Quizá mi caso no es el más habitual. Yo no me marché por no tener opciones. Las tenía. Y una cuenta pendiente conmigo misma también. Y tomé mi decisión. Como las tomo siempre. Y quizá porque yo decidí marcharme, he perdido en cierto modo el derecho a quejarme. A quejarme de una situación que yo quise. Y más. De la que no me arrepiento.
Pero el ser consciente de las decisiones que uno toma, no hace el proceso más fácil. El saberse extraordinariamente afortunado no hace que pesen menos las ausencias. Y el tener siempre en mente las posibles consecuencias, no hace menos doloroso el sentirlas.
El tiempo va
pasando y nos trae esas consecuencias, sea de forma
ostentosa o solo internamente.
La vida siempre llega.
Por eso conviene estar preparados. Tener planes. Plan A. Plan B. Plan C.
Agarraderas. Una red social potente como diría mi madre. Gente que nos quiera.
Gente a la que intentemos cuidar por muchos kilómetros que nos separen. Gente a
la que no perder.
Recuerdos. E ilusiones.
Como el fin de semana pasado, en una boda alemana (Eterna por cierto. Qué cánticos.
Mi madre) en la recogida y recoleta ciudad de Bonn, antigua capital, con amigos
que cual orquesta, iban dando la nota allí por donde pasaban. Y que ha salido
tan bien, que nos han entrado ganas de volver a viajar. Al norte. A una salvaje isla
germana quizá.
Como el resto de bodas de la temporada, que me llevarán a Santander, a Badajoz y a
Madrid. Como una escapada a Mallorca, sólo chicas. Como la feria de Málaga, que
aún lejana, me llena de ay, olé, mi arma, y demás jerga.
Como un aniversario, a la vuelta de la esquina, en una cabaña de madera
perdida en un bosque, que bien podría salir de un cuento de los Grimm.
Como una semana en la mítica isla pirata de Corfú, a finales de Agosto.

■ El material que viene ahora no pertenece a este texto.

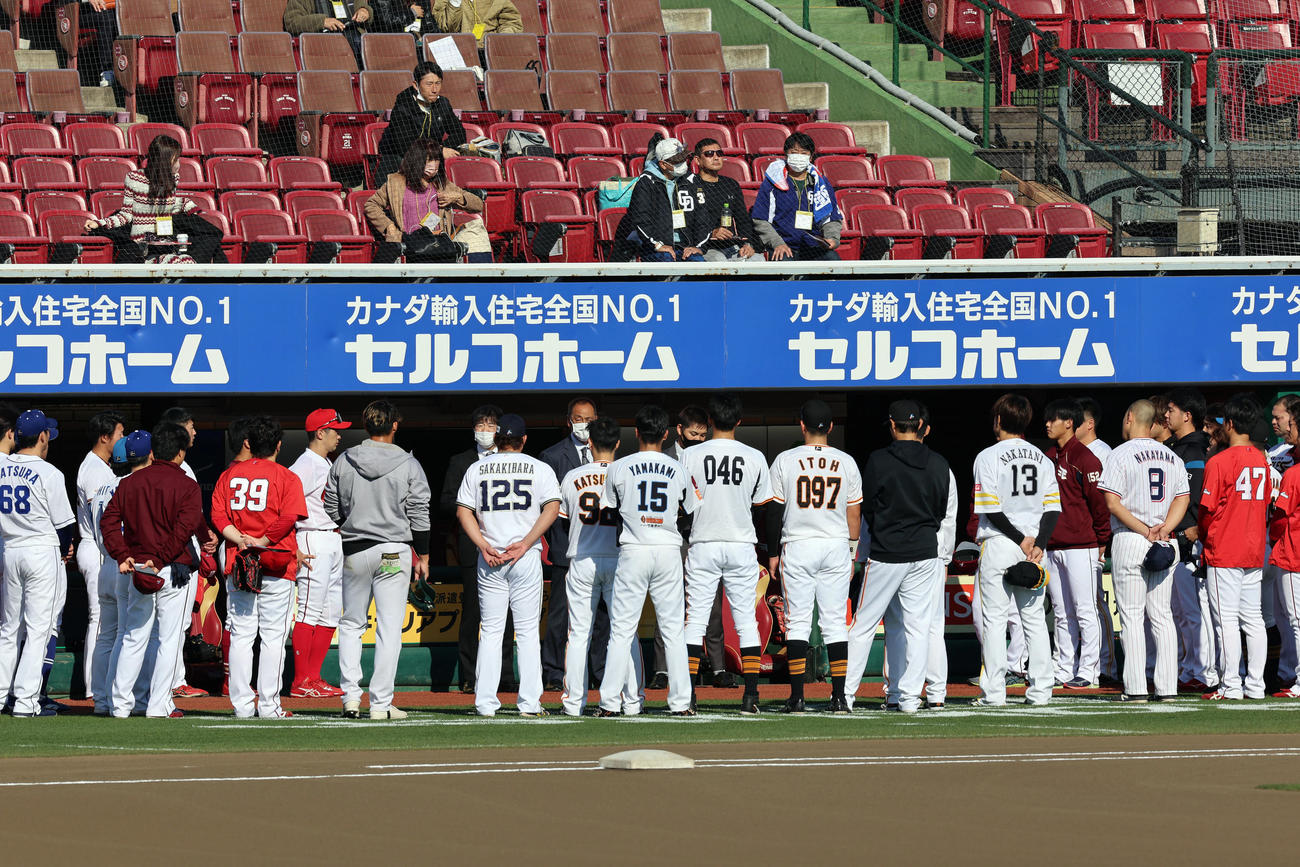 シート打撃前に集合し、説明を受ける選手たち（撮影・狩俣裕三）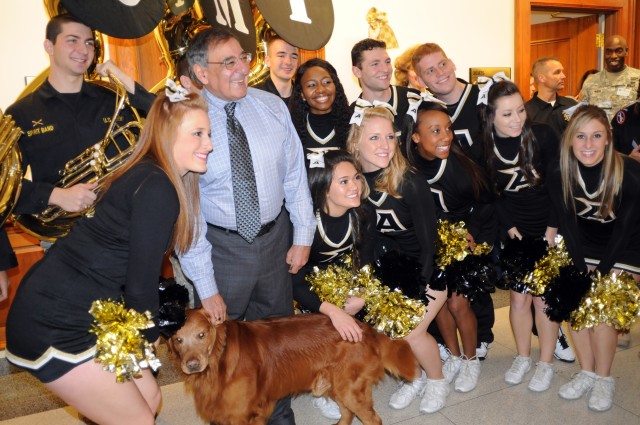 West Point cadets stir up spirit in advance of Army-Navy game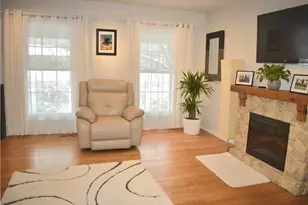 741 Buttonwood Cir, Naperville, IL 60540 - Photo 5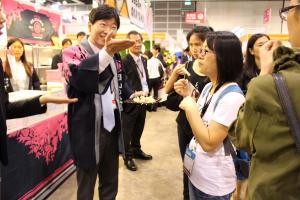 香港「ＦｏｏｄＥｘｐｏ２０１５」でトップセールス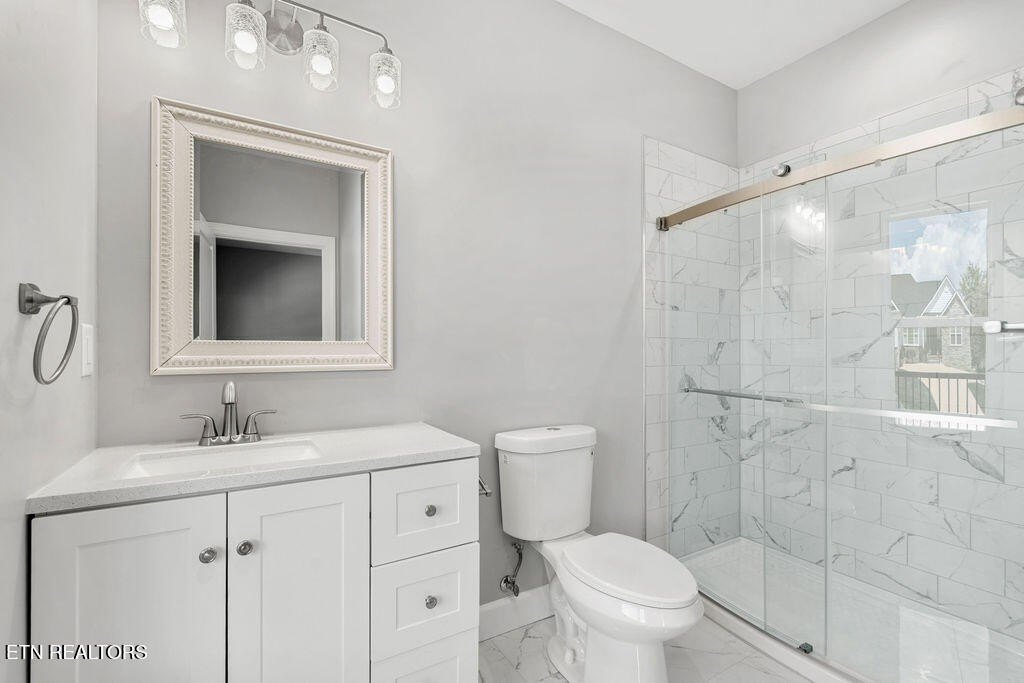 Loudon, Tennessee, 37774, United States, 4 Bedrooms Bedrooms, ,4.5 BathroomsBathrooms,Residential,Forsale,1942458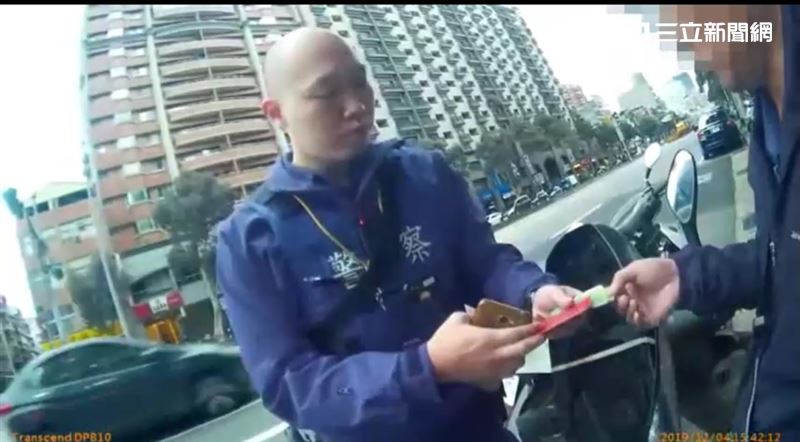 男當車手被逮裝傻　警罵：你就是犯罪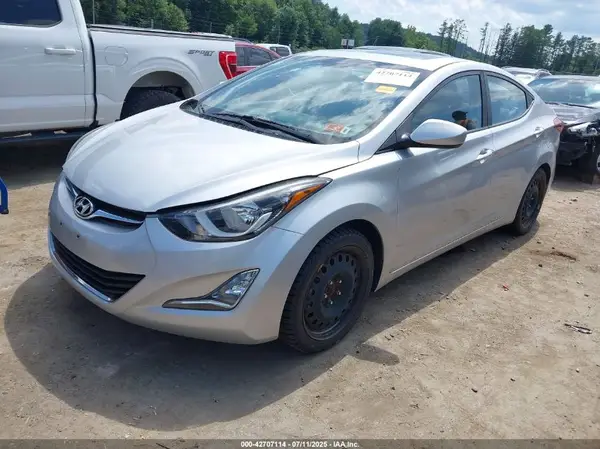 KMHDH4AH6GU607668 2016 HYUNDAI ELANTRA - Image 2
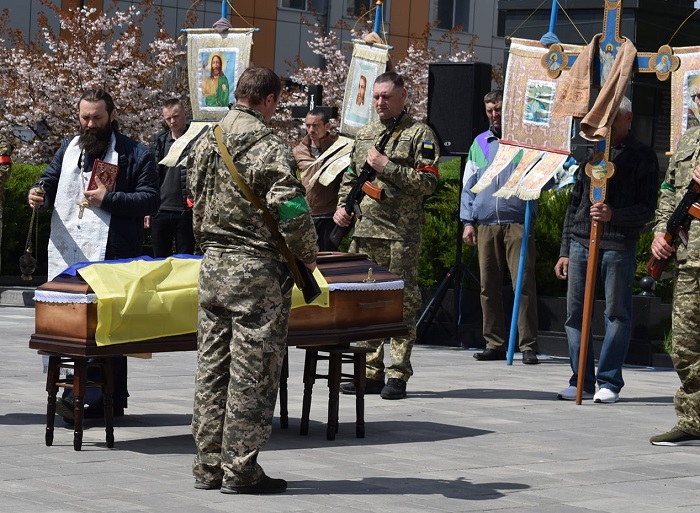 В Мукачевской, Харьковской и Черновицкой епархиях УПЦ отпели воинов фото 3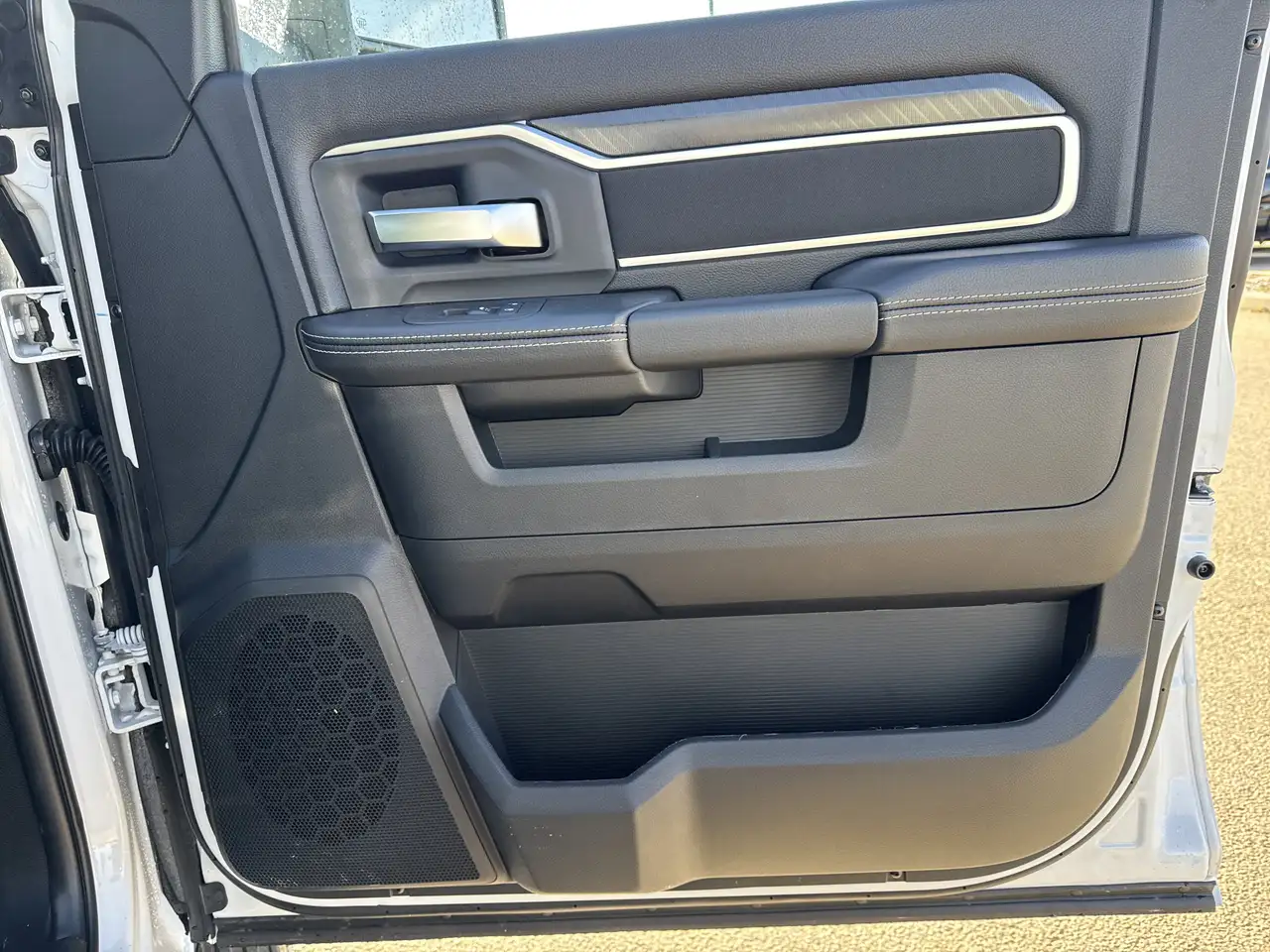 RAM 3500 снимка RAM 3500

Allí donde Ulises naufragó a su regreso de la Odisea. Allí donde espero naufragar yo,
entre aguas cristalinas, y olivares mágicos, para perderme del mundo con el
compañero de viaje ideal. Aunque no le guste mucho viajar. Y comeré moussaka, y
beberé vino blanco, y quizá lleve mis deseadísimas Greek sandals, mientras leo a
Durrel, con su "Familia y otros animales", no sin antes haber pasado por "La
maison atlantique" de Besson y por "Una
princesa en Berlín" de Solmssen.
Y mientras llega o no el verano, mientras lleno mi tiempo de planes, tomaré
nota de los sabios y ancestrales consejos maternos, y trataré de ocuparme y no
preocuparme.
Porque todo llega. Y es bueno tener el corazon en calma y la mente en orden
para cuando llegue.
Porque la recta final ya está aquí. Porque habrá decisiones que tomar.
Y porque, maldita sea. Sigo siendo muy afortunada.